Ее взор в эту минуту медленно скользил по комнате, осматривая ее. Она то и дело кивала головой с чувством удовлетворения и улыбалась наивно, как ребенок, который после разлуки вновь находит свои любимые игрушки. Да, все было по-старому. Там стояло канапе на высоких ножках с туго набитыми подушками. Она отлично знала, что эти колоссальные подушки были обтянуты тяжелой зеленой шелковой материей, но дешевые бумажные чехлы скрывали это великолепие. Красные и голубые гиацинты, стоявшие на комоде, нисколько не изменили своей красоты, и неудивительно, так как они были фарфоровые, как и деревенский органист и нежная пастушка в соломенной шляпке, украшенной цветами, которые также стояли на комоде. Время пощадило и два павлиньих пера, торчавших за большим зеркалом, которое все еще отражало висящий против него портрет бабушки с мушками, за высеребренную раму которого были засунуты пригласительные билеты и поздравительные карточки. Вот вошел старый Зауэр. Его сюртук был так же длинен и воротнички так же подпирали его шею; он хорошо известным ей движением ноги откидывал длинные полы сюртука и затворял за собой дверь, если нес что-нибудь в руках. Он принес старомодный серебряный чайник и две дорогие чашечки из китайского фарфора... Какой поток детских воспоминаний охватил душу Лили, когда из чайника полился ароматный напиток и наполнил благоуханием всю комнату. Это был не драгоценный цветочный чай, доставляемый из Китая его величеству, и не китайский чай, который избалованное дитя большого города пило дома. Это были листья лесной земляники — у тети Вари пили только этот чай, — и когда старая Дора бывала в хорошем расположении духа, она прибавляла туда палочку корицы... Около старинных часов висели календарь и потемневший от времени аршин, за стеклом медленно покачивался маятник, который нисколько не изменил своего хода, вероятно, из-за дружбы со старой прялкой тети Вари, стоявшей на возвышении у среднего окна, — она жужжала из года в год летом и зимой, и маятник был вправе думать, что ее жужжание и его «тик-так» составляли прекрасную гармонию.

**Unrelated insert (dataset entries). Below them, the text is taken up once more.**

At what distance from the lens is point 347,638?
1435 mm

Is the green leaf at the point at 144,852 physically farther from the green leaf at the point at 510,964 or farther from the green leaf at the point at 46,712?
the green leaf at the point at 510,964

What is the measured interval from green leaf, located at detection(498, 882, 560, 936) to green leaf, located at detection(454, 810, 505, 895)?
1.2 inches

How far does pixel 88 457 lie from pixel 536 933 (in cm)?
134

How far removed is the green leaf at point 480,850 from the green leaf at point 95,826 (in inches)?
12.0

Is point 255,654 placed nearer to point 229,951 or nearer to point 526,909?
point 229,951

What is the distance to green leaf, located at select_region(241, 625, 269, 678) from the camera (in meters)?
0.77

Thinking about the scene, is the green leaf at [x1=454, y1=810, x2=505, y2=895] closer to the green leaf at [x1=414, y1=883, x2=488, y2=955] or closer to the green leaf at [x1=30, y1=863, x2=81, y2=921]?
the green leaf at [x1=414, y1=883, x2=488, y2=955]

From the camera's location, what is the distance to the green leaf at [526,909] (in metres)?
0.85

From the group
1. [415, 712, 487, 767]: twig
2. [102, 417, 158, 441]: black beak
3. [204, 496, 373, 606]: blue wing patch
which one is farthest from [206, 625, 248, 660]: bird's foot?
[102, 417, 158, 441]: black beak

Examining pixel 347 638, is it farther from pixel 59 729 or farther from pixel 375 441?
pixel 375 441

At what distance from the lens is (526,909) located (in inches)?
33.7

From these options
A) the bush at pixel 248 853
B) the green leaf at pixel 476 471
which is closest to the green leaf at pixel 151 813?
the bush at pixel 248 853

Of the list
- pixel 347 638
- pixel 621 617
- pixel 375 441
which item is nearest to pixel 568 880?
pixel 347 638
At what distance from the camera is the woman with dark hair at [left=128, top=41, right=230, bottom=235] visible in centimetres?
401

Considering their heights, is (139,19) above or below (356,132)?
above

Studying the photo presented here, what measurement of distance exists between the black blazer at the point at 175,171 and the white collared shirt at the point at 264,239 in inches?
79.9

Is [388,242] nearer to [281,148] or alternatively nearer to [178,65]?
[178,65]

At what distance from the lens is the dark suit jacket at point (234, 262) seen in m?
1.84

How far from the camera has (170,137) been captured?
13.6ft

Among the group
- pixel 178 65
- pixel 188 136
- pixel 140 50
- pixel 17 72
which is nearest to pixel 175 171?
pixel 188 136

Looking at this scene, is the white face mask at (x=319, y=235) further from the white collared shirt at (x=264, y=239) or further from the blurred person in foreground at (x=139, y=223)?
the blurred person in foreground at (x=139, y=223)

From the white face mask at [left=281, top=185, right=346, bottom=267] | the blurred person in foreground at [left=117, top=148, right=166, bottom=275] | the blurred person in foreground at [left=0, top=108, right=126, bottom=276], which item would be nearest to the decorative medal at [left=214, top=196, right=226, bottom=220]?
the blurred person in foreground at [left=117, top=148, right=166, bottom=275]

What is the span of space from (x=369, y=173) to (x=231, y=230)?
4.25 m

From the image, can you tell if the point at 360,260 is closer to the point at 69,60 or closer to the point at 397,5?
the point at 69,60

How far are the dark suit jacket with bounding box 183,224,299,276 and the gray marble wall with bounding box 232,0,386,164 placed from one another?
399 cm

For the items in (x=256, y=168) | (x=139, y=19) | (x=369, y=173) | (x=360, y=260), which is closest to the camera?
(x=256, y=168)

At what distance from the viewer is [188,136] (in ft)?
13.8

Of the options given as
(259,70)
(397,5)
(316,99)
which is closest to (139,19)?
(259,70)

— Тетя, знаешь ты историю Адама и Евы? — вдруг спросила Лили. Взгляд ее был устремлен на южное угловое окно, из которого было видно башню соседнего дома. Надворная советница сидела за прялкой на возвышении. Быстро обернувшись, она с улыбкой посмотрела на молодую девушку.

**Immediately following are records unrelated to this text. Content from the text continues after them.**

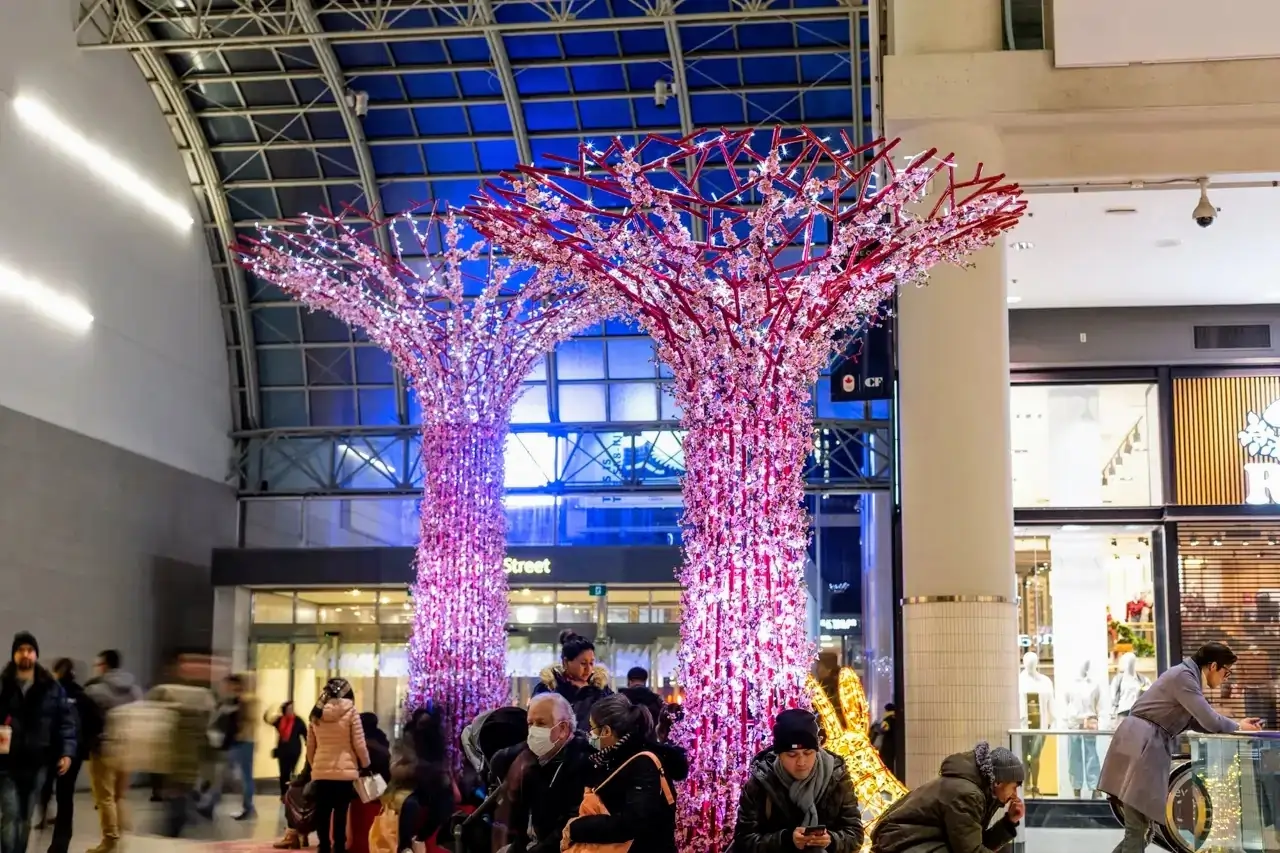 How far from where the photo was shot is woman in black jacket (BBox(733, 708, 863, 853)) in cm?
551

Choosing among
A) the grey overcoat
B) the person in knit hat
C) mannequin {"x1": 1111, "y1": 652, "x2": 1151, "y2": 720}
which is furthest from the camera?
mannequin {"x1": 1111, "y1": 652, "x2": 1151, "y2": 720}

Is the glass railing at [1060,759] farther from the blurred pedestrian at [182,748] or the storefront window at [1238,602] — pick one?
the storefront window at [1238,602]

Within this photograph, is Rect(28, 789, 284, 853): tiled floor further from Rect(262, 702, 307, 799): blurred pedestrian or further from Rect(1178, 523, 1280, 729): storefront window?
Rect(1178, 523, 1280, 729): storefront window

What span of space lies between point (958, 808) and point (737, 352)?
2.81 metres

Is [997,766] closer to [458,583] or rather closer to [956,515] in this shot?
[956,515]

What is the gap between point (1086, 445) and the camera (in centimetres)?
1416

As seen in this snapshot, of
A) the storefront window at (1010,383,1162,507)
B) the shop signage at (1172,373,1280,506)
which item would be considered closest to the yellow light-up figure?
the storefront window at (1010,383,1162,507)

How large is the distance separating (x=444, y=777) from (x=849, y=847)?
12.3 feet

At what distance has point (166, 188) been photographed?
23.6 metres

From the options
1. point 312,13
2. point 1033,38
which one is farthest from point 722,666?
point 312,13

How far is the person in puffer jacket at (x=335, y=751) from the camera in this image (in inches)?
378

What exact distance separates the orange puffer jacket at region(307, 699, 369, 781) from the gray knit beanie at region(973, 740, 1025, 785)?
5.19m

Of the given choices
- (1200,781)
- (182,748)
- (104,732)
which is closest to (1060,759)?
(1200,781)

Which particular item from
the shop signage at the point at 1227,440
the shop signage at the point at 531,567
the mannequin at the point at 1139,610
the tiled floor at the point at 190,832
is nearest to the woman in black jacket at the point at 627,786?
the tiled floor at the point at 190,832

— Какая ты дурочка! — сказала она, продолжая прясть.
— Яблоки показались им особенно вкусными потому, что были запрещены, — продолжала Лили с невозмутимой серьезностью. — Я сейчас изловила свои глаза в том, что они смотрели на окно башни и очень желали бы знать, что изображает картина на стекле. Это очень дурно с их стороны, очень дурно, потому что ты запретила это; но надо прийти им на помощь; нет ли у тебя какого-нибудь старого ковра, которым можно было бы занавесить окно, или...
— Только этого недоставало еще, чтобы я из-за него лишила себя воздуха и света, — прервала ее тетя Варя полусмеясь, полусердито. — Дитя, — продолжала она, и жужжанье веретена умолкло, — ты снова обращаешь в шутку очень серьезную вещь, но уверяю тебя, что этим шутить нельзя... Я теперь еще больше страдаю от нахальства Губерта, чем в то время, когда бесстыдный мальчишка нарушил мир моей души.
— Как, разве он теперь там и опять смотрит на изгородь?
— Лили, не дурачься так! — сказала надворная советница с оттенком нетерпения в голосе. — Ему было бы теперь шестьдесят лет, а в эти годы не лазят по изгородям. Он и его жена уже умерли, и я не думала, что мне когда-нибудь придется иметь дело с упрямством и высокомерием Губерта. И вот однажды его сын, последний в роду, появился там, как вихрь. Он не оставил там камня на камне, и даже трава не смела расти, как ей хотелось. Но это меня не касалось и нисколько не огорчало... Как вдруг однажды является ко мне комиссионер по поручению молодого господина и спрашивает, не продам ли я ему дом и сад. Но я ему так ответила на это, что господин комиссионер так же быстро исчез за дверью, как и пришел.